▶ _Prompt_: The whole listing, please: repeat it exactly, with the pictures left out.

(Available data begins)

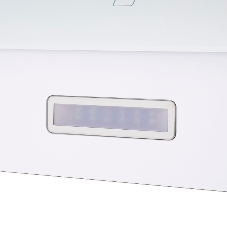 Кухонная вытяжка HOMSair OPTIMA 60M Touch White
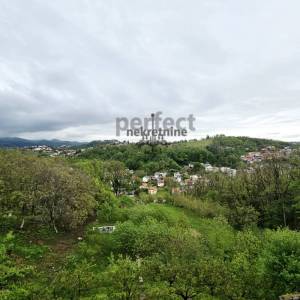 Zagreb-Gornja Kustošija, 2S stan s loggiom 52m2, mirna lokacija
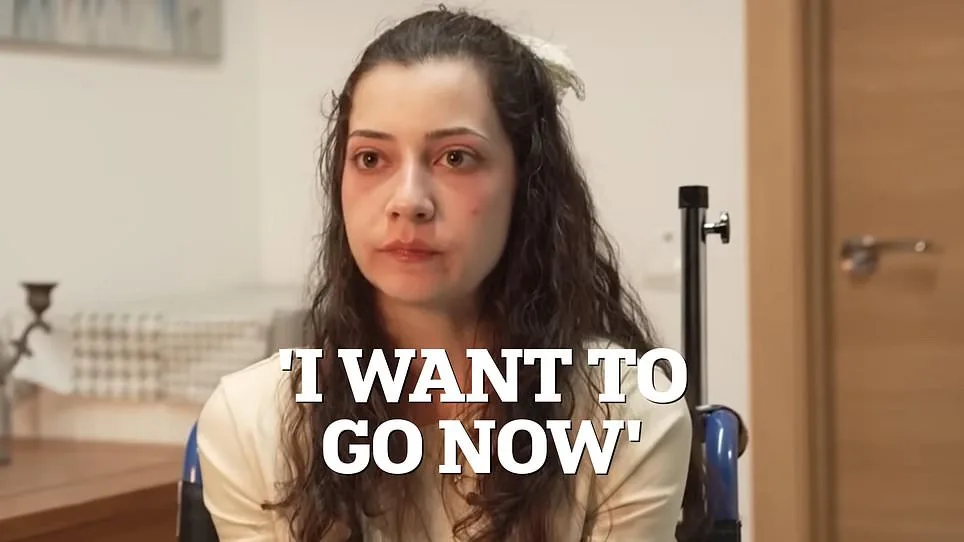Paraplegic Woman to Undergo Euthanasia in Spain Despite 18-Month Legal Battle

(Available data ends)

▶ _Answer box_:
 Кухонная вытяжка HOMSair OPTIMA 60M Touch White
 Zagreb-Gornja Kustošija, 2S stan s loggiom 52m2, mirna lokacija
Paraplegic Woman to Undergo Euthanasia in Spain Despite 18-Month Legal Battle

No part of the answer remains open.